I searched for a solution but the best tip that I could find was to remove the files causing the error (see
this for example), but that wasn’t my case. I needed those files.

Discover the encoding of the filenames

So if you want to save your files and use them in subversion, you first need to discover the directory in which the files are stored. I just cd inside all the dirs checking if the error message was still relevant (may not be stylish but for me did worked). If you have a longer valid UTF-8 sequence than 4b you can try with:

echo "\x4b\x6f\x72\x5f" | xargs -0 printf

and it will give you the starting part of the corrupted filename (Kor_ in this example).

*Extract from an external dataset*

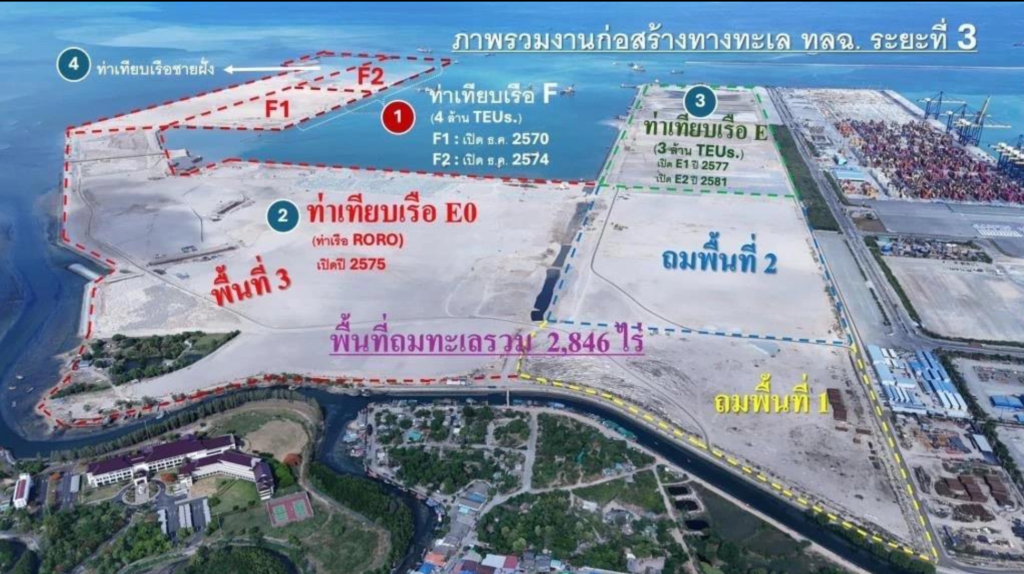 Laem Chabang Port development and expansion plan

Once you have spotted the directory containing the files causing the error you need to discover the encoding of the filenames. Using the simple ls you should be able to spot strange files, for discovering the encoding of those files you can use the file command like this (if you have only one file you can try to substitute the * with the filename, but I don’t know if it works since I had all the files in that dir with the wrong encoding):

ls * | file -
/dev/stdin:  ISO-8859 text

in normal circumstances (debian/ubuntu) the filename should be UTF-8 like this simple test shows

$ echo "test" > /tmp/cioé.txt
$ ls /tmp/cioé.txt | file -
/dev/stdin:  UTF-8  Unicode text

In my situation it happened that the filenames were latin1 but the content of the file was UTF-8, to be sure of this I used the isutf8 command (found in the moreutils package)

isutf8 *

that gives no output if everything is fine.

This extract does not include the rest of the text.